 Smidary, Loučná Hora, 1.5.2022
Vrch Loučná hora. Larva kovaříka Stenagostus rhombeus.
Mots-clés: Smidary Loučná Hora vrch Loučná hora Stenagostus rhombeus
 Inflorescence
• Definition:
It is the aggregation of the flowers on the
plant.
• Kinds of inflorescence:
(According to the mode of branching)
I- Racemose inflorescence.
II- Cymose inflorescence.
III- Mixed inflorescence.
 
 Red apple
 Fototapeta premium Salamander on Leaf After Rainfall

□ □ □

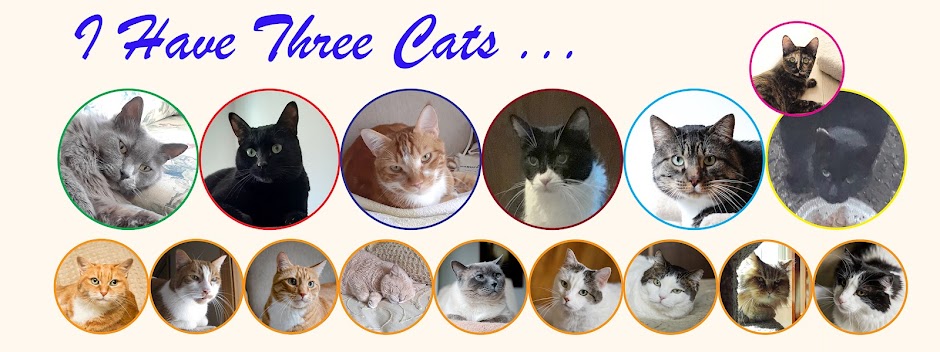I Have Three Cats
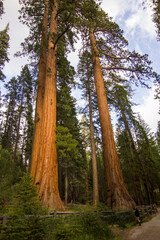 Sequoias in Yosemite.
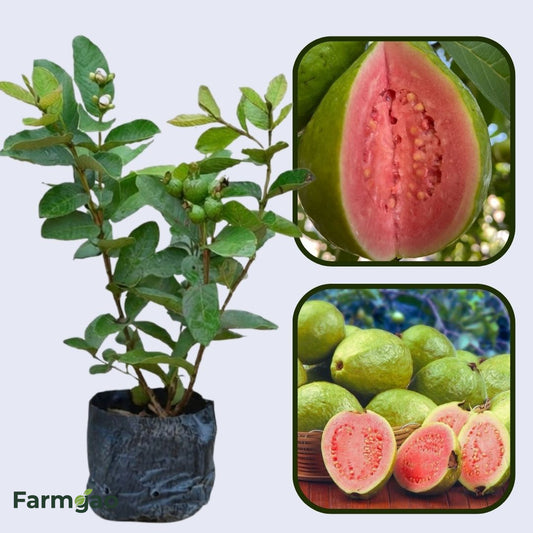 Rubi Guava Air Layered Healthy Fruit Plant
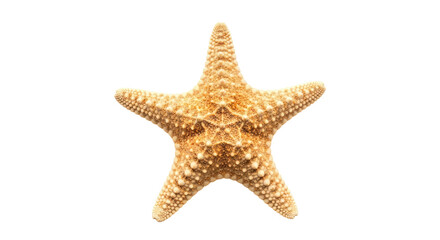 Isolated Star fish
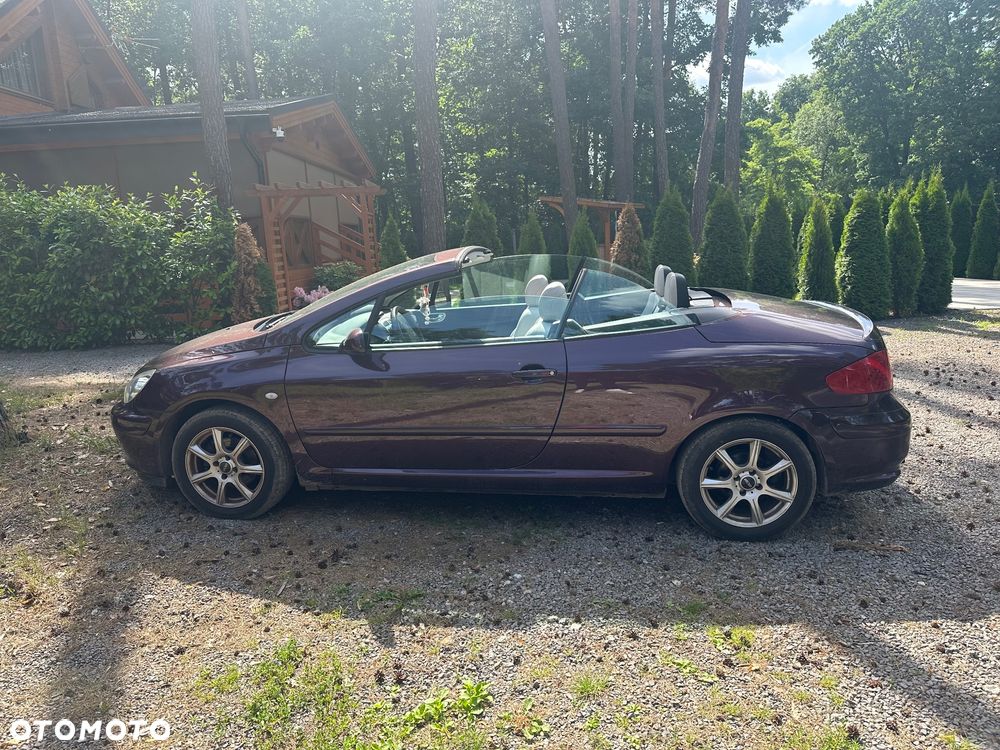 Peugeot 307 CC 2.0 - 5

□ □ □

#### DESCRIPTION OF THE TASK:
All lines from the listing above that include "Stenagostus" should be shown.

#### EXPECTED OUTPUT:
Vrch Loučná hora. Larva kovaříka Stenagostus rhombeus.
Mots-clés: Smidary Loučná Hora vrch Loučná hora Stenagostus rhombeus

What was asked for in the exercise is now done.